Thanks for the explanation. Why would one end up with the $target/usr/bin in PATH though? That just sounds odd to me. > I know Buildroot for example uses this kind of tricks sometimes : > http://git.buildroot.org/buildroot/tree/package/libglib2/libglib2.mk#n43 In there it does: ac_cv_path_GLIB_GENMARSHAL=$(HOST_DIR)/usr/bin/glib-genmarshal That won't affect the paths set like in the patch though, will it? (But you just want the ability to override them somehow, right?)
One of the reason you would end up with $target/usr/bin in PATH is that you're "lazy" and don't want to recompile the whole stack twice (one native, one target). That's the approach taken by buildroot for example, they want to reduce the build time as much as possible. In this case there are a few script in $target/usr/bin that you can use (mostly perl/shell). In my case I'm cross compiling (static compilation) with jhbuild for android. The idea is to avoid to generate Android.mk files for every single package I'm going to need in my app, and just compile the whole thing as I would do for a normal jhbuild setup. And then just use the generated .a libraries in my android app. ac_cv_path_GLIB_GENMARSHAL=$(HOST_DIR)/usr/bin/glib-genmarshal will affect detection of glib-genmarshal. Basically autoconf allows you to force the result of some checks, in this case it avoids looking for glib-genmarshal in PATH and instead takes the value you've given in the environment.
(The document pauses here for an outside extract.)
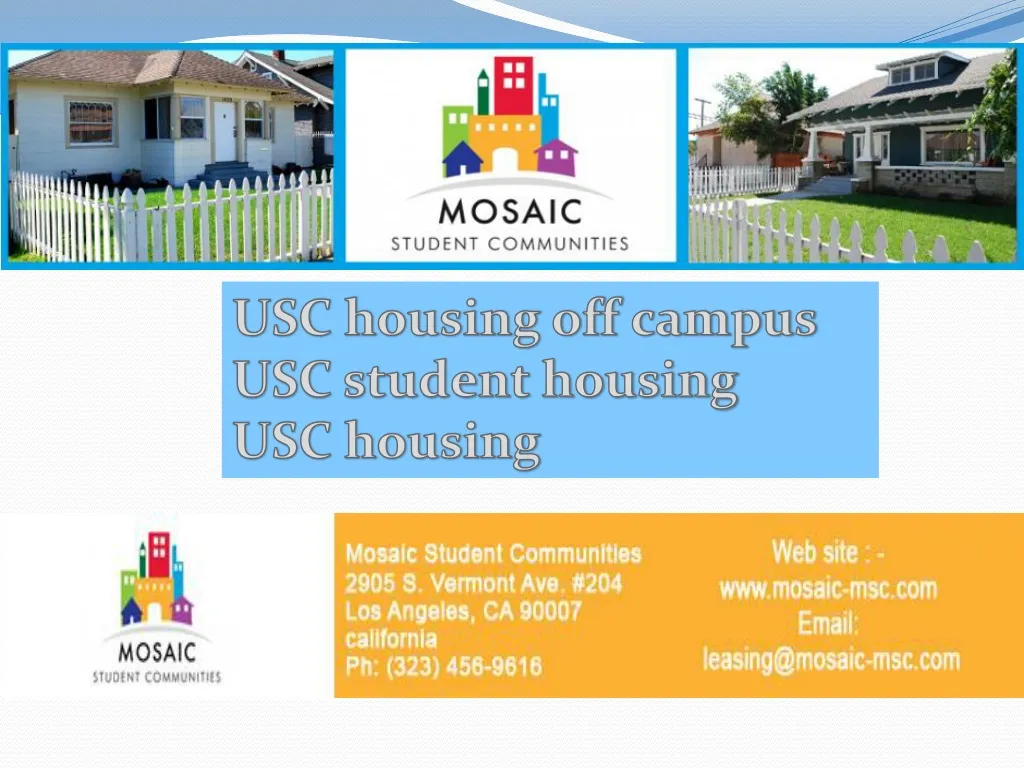 usc housing off campus usc student housing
> ac_cv_path_GLIB_GENMARSHAL=$(HOST_DIR)/usr/bin/glib-genmarshal will affect > detection of glib-genmarshal. Basically autoconf allows you to force the result > of some checks, in this case it avoids looking for glib-genmarshal in PATH and > instead takes the value you've given in the environment. Yeah, I'm aware of how that is supposed to work. What I meant to say is that I don't think that setting ac_cv_path_GLIB_GENMARSHAL will help in this particular case, with the patch you proposed, because ac_cv_path_FOO is only something that works if AC_PATH_PROG is used, and AM_PATH_GLIB_2_0 doesn't use AC_PATH_PROG. But as I'd prefer to avoid using AM_PATH_GLIB_2_0 anyway, we can probably easily fix that up.
Oh sorry I mixed that with another patch, here I'm redefining pkg-config values using : export PKG_CONFIG="pkg-config --define-variable=glib_genmarshal=/usr/bin/glib-genmarshal --define-variable=gobject_query=/usr/bin/gobject-query --define-variable=glib_mkenums=/usr/bin/glib-mkenums --define-variable=glib_compile_resources=/usr/bin/glib-compile-resources"
Created attachment 216588 [details] [review] gst-glib.m4: check for glib-mkenums and glib-genmarshal and allow them to be overridden
Comment on attachment 215842 [details] [review] Patch v1 Partially committed: commit a30e63740644179aab267c17d7748333f6d7ae2c Author: Lionel Landwerlin <llandwerlin@gmail.com> Date: Thu Aug 23 13:51:27 2012 +0100 gst: use configure-detected or externally provided glib-mkenums To ease cross-compilation. https://bugzilla.gnome.org/show_bug.cgi?id=677620
This was pushed to master a while back.